The last time such leases were appraised was 2003. This year, land values for some of the leases spiked, guaranteeing that rent rates would, at least for some lease holders, go up dramatically.
After several lease holders complained, the Department of Natural Resources and Conservation decided to revisit the way the state sets the leases.
Under the new system, rates will be set differently. In order to establish a new base value that reflects 2009 property values, the board voted to toss out the old system of pegging that to the state's own property reappraisal numbers, the figures that set the value of all real property in Montana for property tax purposes.
Instead, the state will now increase the base by 6.5 percent a year - the historic real estate appreciation index for Montana. That, explained Sexton, "catches up" the base rate of the leases to 2009 values.
Going forward, she said, rates would go up every year using a new formula: the real estate appreciation index averaged with the consumer price index.
Both leaseholders and representatives of Montana's schools spoke against the idea at Monday's meeting.
Ron Waterman, a Helena lawyer hired by the leaseholders, said renters favor freezing the rates and studying the issue. He cautioned that raising the rates would push people out of their homes.
Roy Andes, another Helena lawyer who sued the state over the issue 10 years ago, called for an open bidding process to set the value of the rentals.
"The present system is not getting fair market value," he told the board, and the changes approved Monday will bring even less than had the state not made any changes.

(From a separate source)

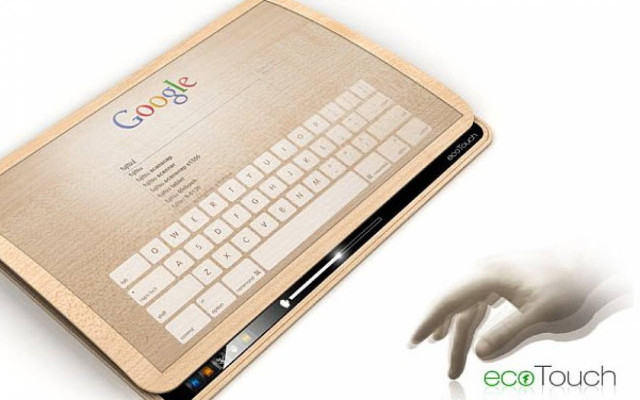 Καλώδια τέλος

But Gov. Brian Schweitzer said after the meeting that the new system may not be perfect, but it should prevent people from abandoning the leases, which would bring in nothing for state schools.
And, he said, it should help alleviate the hardship some lease holders felt with the spiking rates, while still bringing in more money.
"We have 800 of these lots and, if by raising the lease rate too high, 50 to 100 of them walk away and there isn't anybody to take their place," schools lose even more, he said.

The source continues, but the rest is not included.